Culturebox

The Funny State

How North Carolina comedians are redefining American humor.

The Campaign

Zach Galifianakis as Marty Huggins and Will Ferrell as Cam Brady in The Campaign

Photo by Patti Perret/Warner Bros Pictures.

In The Campaign, which opens tomorrow, Will Ferrell is Cam Brady, an ambitious, skirt-chasing politician with a $900 haircut and a remarkable amount of self-admiration. So you could be forgiven for thinking that the setting of the movie, North Carolina, was chosen to highlight a passing resemblance to a certain former Senator and vice presidential candidate. Ferrell’s co-star, Zach Galifianakis, is a native of Wilkesboro, N.C., and his uncle, Nick Galifianakis, represented the state in the U.S. Congress from 1967 to 1973. But that’s probably not the reason behind the choice of setting, either. As it happens, Shawn Harwell, who wrote the film, his first, is also a Tar Heel and grew up in a town not far from Wilkesboro (though he and Galifianakis met for the first time on the set of The Campaign). Harwell’s name may be new to you, but perhaps you’ve seen the show he helps write, Eastbound & Down, set in Shelby, N.C. It was created by Jody Hill, from Concord, a couple hours southeast of Shelby; Ben Best, raised in High Point; and Danny McBride, whom Best and Hill befriended at film school in Winston-Salem.
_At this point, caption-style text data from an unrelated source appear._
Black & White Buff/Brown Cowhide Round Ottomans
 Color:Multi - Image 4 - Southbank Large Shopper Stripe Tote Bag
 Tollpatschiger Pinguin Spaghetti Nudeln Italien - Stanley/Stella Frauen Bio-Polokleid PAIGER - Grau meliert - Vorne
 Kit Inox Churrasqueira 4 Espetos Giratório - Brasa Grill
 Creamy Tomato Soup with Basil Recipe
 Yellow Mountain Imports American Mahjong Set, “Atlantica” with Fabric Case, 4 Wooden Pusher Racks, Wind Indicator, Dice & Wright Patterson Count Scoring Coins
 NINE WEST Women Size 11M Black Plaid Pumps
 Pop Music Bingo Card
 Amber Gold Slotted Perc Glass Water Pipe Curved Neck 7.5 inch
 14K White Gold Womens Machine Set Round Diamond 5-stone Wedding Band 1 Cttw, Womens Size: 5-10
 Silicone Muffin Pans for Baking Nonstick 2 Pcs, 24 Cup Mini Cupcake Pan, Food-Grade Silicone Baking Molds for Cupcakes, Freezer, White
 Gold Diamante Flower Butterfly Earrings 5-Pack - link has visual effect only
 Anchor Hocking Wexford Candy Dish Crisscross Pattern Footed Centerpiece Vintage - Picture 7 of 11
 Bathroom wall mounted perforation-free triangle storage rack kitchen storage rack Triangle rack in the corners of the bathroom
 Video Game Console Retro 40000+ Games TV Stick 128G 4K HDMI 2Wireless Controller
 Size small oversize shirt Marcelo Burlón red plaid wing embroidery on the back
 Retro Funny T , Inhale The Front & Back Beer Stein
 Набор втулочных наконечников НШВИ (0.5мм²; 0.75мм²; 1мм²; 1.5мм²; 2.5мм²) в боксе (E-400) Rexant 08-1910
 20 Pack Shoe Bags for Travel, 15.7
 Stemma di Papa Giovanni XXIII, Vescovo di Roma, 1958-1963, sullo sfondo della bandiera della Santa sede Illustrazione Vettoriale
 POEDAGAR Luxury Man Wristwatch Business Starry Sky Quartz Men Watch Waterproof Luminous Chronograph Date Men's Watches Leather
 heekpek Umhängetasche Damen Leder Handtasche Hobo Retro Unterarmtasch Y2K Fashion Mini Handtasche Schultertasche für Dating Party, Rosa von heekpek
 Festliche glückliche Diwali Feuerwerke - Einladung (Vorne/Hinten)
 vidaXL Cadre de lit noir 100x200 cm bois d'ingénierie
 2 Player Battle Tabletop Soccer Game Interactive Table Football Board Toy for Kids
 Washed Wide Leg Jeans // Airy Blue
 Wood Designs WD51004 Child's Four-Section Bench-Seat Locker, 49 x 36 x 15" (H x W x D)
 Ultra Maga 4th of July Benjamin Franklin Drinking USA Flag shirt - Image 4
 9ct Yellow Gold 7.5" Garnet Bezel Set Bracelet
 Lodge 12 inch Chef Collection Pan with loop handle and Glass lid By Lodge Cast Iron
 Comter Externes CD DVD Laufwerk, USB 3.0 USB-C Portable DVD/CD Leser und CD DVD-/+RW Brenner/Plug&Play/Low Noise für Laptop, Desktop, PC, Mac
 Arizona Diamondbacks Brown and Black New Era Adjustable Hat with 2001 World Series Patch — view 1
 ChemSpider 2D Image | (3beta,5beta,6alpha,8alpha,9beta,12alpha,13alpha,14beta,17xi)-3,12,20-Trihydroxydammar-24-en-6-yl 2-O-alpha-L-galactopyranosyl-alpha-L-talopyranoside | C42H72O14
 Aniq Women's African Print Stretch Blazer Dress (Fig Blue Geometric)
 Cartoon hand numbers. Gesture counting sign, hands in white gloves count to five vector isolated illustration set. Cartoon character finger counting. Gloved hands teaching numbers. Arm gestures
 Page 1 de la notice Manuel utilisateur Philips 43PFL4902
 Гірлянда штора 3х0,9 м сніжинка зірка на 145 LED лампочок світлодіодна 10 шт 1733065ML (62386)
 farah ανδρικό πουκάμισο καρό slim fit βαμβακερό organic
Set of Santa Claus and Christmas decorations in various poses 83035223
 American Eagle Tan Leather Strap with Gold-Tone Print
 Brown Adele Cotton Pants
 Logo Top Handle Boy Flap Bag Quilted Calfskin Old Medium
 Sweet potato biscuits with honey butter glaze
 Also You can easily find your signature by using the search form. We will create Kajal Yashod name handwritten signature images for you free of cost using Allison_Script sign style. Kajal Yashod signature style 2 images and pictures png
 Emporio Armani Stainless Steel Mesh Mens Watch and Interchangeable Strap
The list of contemporary North Carolinian comics doesn’t end there—far from it. Over the last decade, North Carolinians have helped to write Saturday Night Live, The Daily Show, Late Night, and Parks & Recreation, among other humorous TV series. Community features two North Carolinians: Ken Jeong, who also appeared alongside Galifianakis in The Hangover, and Jim Rash, a Groundlings alum who won an Oscar for writing The Descendants. Another of NBC’s Thursday night comedies, Up All Night, was created by Emily Spivey, of High Point and UNC-Greensboro. Anthony King, former artistic director of the Upright Citizens Brigade Theatre, went to UNC-Chapel Hill about 10 years after fellow UCB-er Peyton Reed, a big-time comedy director whose credits include Yes Man, Bring It On, and, most recently, three episodes of the hit sitcom New Girl. If you go to the UCB Theatre these days, you might see Charlie Todd, who founded Improv Everywhere and graduated from UNC-Chapel Hill in 2001. All these comics can probably appreciate the peculiarities of North Carolina life that have been chronicled by David Sedaris, who grew up there in a big family that includes his sister Amy, a comedian best known for her beloved Comedy Central show, Strangers With Candy. And there are many others.

The Tar Heel State is far removed from the traditional urban centers of comedy: New York, Chicago, and Los Angeles. So why is North Carolina generating so much of our contemporary humor?

“I think North Carolina breeds comedians because it’s such a border state—not entirely Southern and certainly not Northern,” Scott Jacobson, who has written for the Daily Show, Saturday Night Live’s TV Funhouse, and Fox’s animated sit-com Bob’s Burgers, told me. “People who live there have that slight sense of disjunction and not-belonging that seems to breed comedy.” Comedy frequently comes from the margins, outside the dominant culture—just consider how many of America’s best comics have been black, Jewish, or Canadian. Something similar seems to be fueling the North Carolina comedy boom.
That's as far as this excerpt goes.